Henry Woods (born 7 September 1999) is an English professional footballer who plays as a midfielder for Maidstone United.

Career
Woods turned professional with Gillingham in January 2018, at the same time as Jack Tucker and Ryan Huckle. He made his debut on 13 November 2018 in the EFL Trophy.

On 5 December 2018, Woods joined Sittingbourne on a one-month loan deal alongside his teammate from Gillingham, Danny Divine. On 10 January 2019, Sittingbourne announced that they had extended both players' loan deals for the rest of the season.

He was offered a new contract by Gillingham at the end of the 2018–19 season. He moved on loan to Concord Rangers in October 2019. The loan ended a month later, but he returned to the club for a second loan spell in December 2019.

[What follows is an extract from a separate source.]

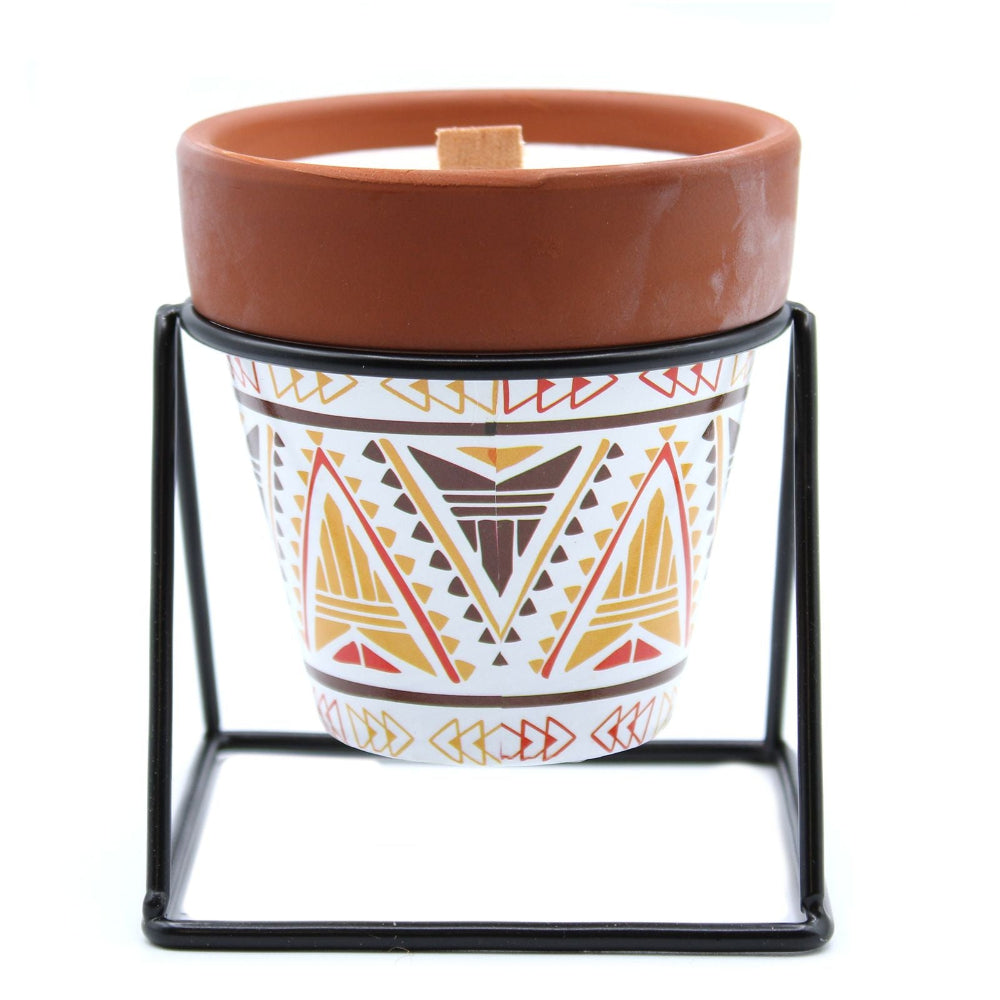 Agnes + Cat - Herb Garden Candle - Sage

Woods was to be released by Gillingham at the end of the 2019–20 season, but then signed a contract on 4 September 2020 to stay at the club for another year. Woods made his league debut for the club on 10 October 2020 as a 90th minute substitute in a  3–1 win over Oxford United.

On 27 July 2021, Woods signed a new contract with the club and joined National League side Dover Athletic on loan until 10 January 2022. In November 2021, Woods scored a first career goal as he equalised for a second time in a match where Dover were defeated 3–2 by Wealdstone. In January 2022, Woods' loan deal was extended until the end of the season.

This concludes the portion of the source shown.